The city of Fez is recognized as the cultural capital of Morocco. Visiting Fez means discovering Morocco in an authentic way, and far from the mass tourism of the country’s other major cities. The city is full of small streets, and craftsmen working in the open air. Losing yourself in Fez is the best way to discover the city. However, some places are absolutely worth a visit:
The medina is simply the old town, the historical heart of Fez. A UNESCO World Heritage Site since 1981, the district is made up of a maze of small, intersecting alleys, but also of most of the places of interest in the city of Fez: its souks, mosques, squares, etc. Most of the sites to visit date from between the 13th and 15th centuries. You can enter the medina from two main gates, both magnificent: the Bab Bou Djeloud gate, considered as the official entrance to the city, and the Bab Dekatène gate. Within the ramparts, the district is only pedestrian, so it is up to the donkeys to transport the goods.
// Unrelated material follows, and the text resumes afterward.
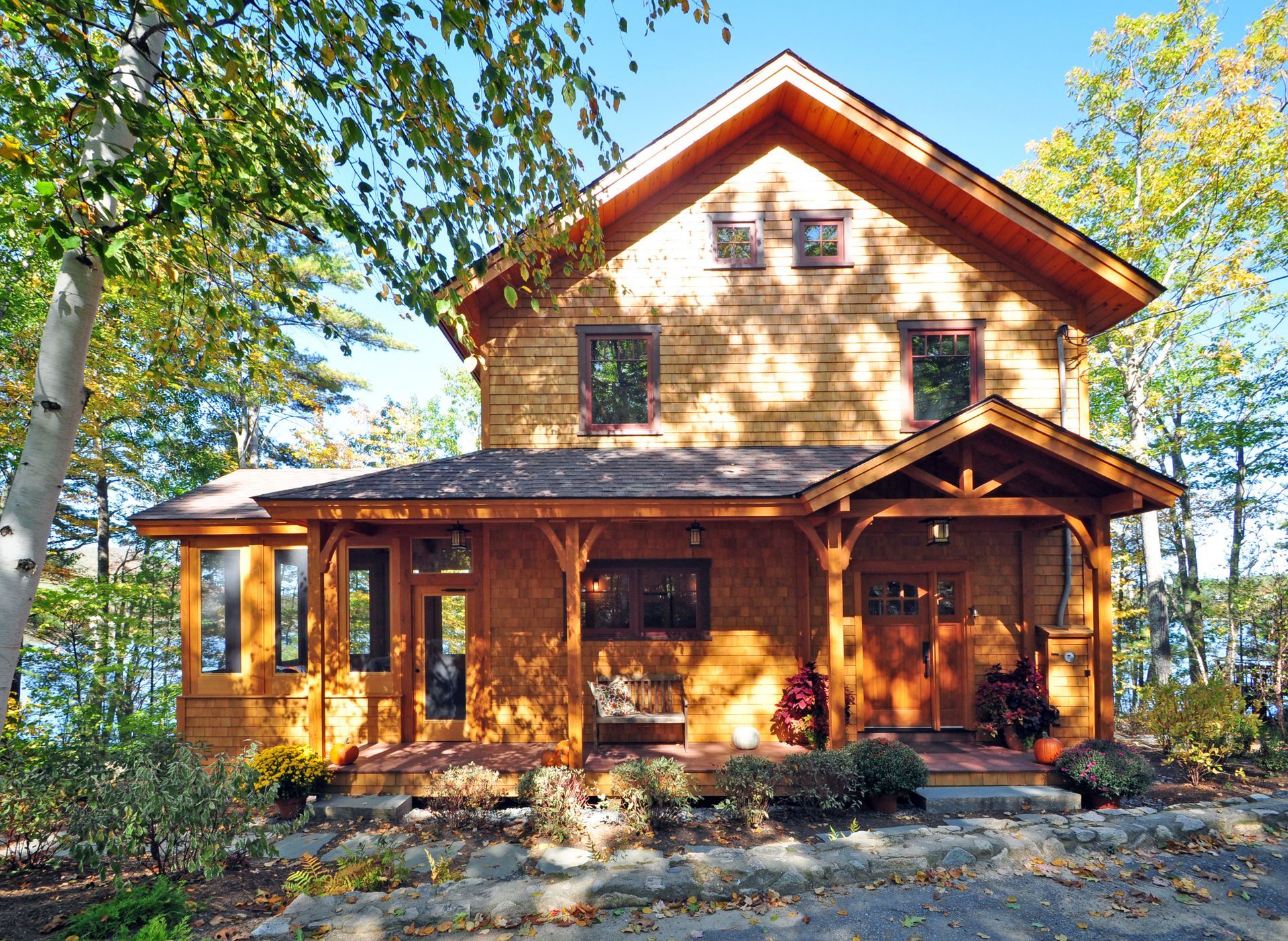 Wooden two-story house with a porch and surrounding trees bathed in sunlight.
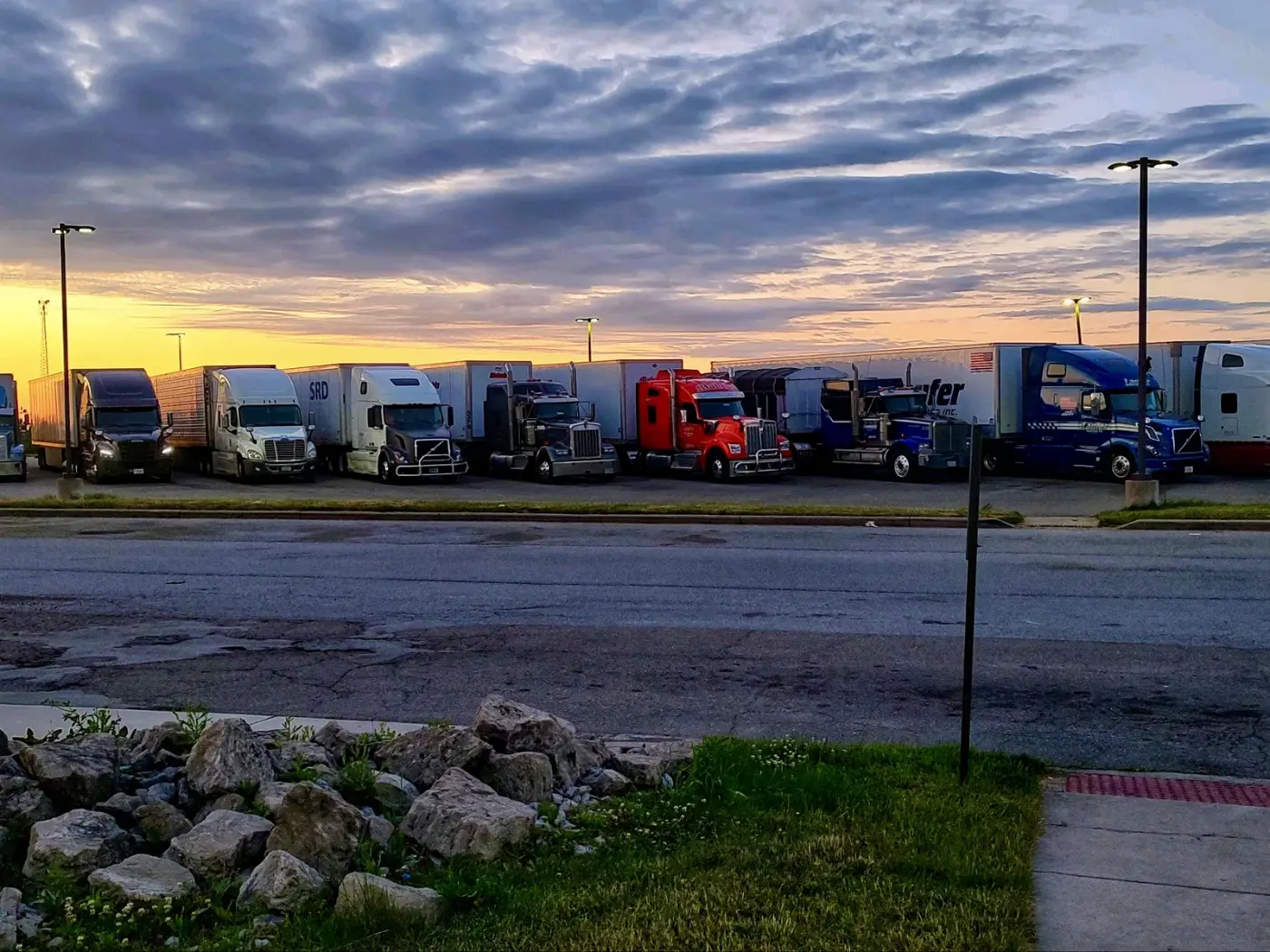 Laufer Trucking dry van and flatbed trucks lined up in a parking lot at sunset, demonstrating FCFS arrival for freight loading.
You can’t visit Fez without going for a walk in one of the many souks of the city and admiring the know-how of the few thousand craftsmen who work there. The place is perfect to buy a souvenir typical of the city of Fez: jewellery, clothes, ceramics, etc. , which you will find in the middle of colours and smells. The potteries of Fez would be the most beautiful in Morocco, and the blue used for painting obtained from a recipe kept secret.
It is possible to discover the work of leather tanners in Fez. You can walk between the pools, and thus understand the different stages of leather work, but you can also take a look at the surrounding terraces to admire the tannery as a whole. The one in Chouara is the oldest (it was already open in the Middle Ages), and the most interesting.
The Karaouiyine mosque
The Karaouiyine mosque is in fact also a university, and not just any university. It is in fact the oldest university in the arable world still open today. As with all other mosques, its entrance is unfortunately forbidden to non-Muslims, but there is nothing to prevent them from admiring the finesse of the building’s exterior ornaments.
Medersas are old Koranic schools that can now be visited. The Bou Inania medersa, to the north of the medina, dates from the 14th century and is very impressive because of its oversized dimensions. The medersa Attarine is located in the heart of the medina. It is smaller, but its calligraphy and mosaics leave it nothing to envy to other medersas. The oldest of all dates from 1280, it is the medersa Seffarine, whose decorations are reminiscent of traditional Moroccan houses.
On this pretty square, and in the surrounding streets, the craftsmen work mainly with copper, the opportunity to buy a teapot, a tea tray or a small saucepan as a souvenir.
The Royal Palace
The Royal Palace of Fez is the oldest palace in Morocco. Of course, you can’t enter it, but it would be a shame not to pass in front of its magnificent bronze and ceramic doors.
The Nejjarine Fountain
This fountain, located on Nejjarine Square, is a must in the city. It is made of wood and stone, and, like most of the city’s fountains, is dazzling in its colours.
There is nothing better to visit Fez than to get lost and discover the city as you go along. But don’t forget to go through the Janan Sbil garden, and take a walk in the Jewish quarter of Fez, which is quite different from the medina.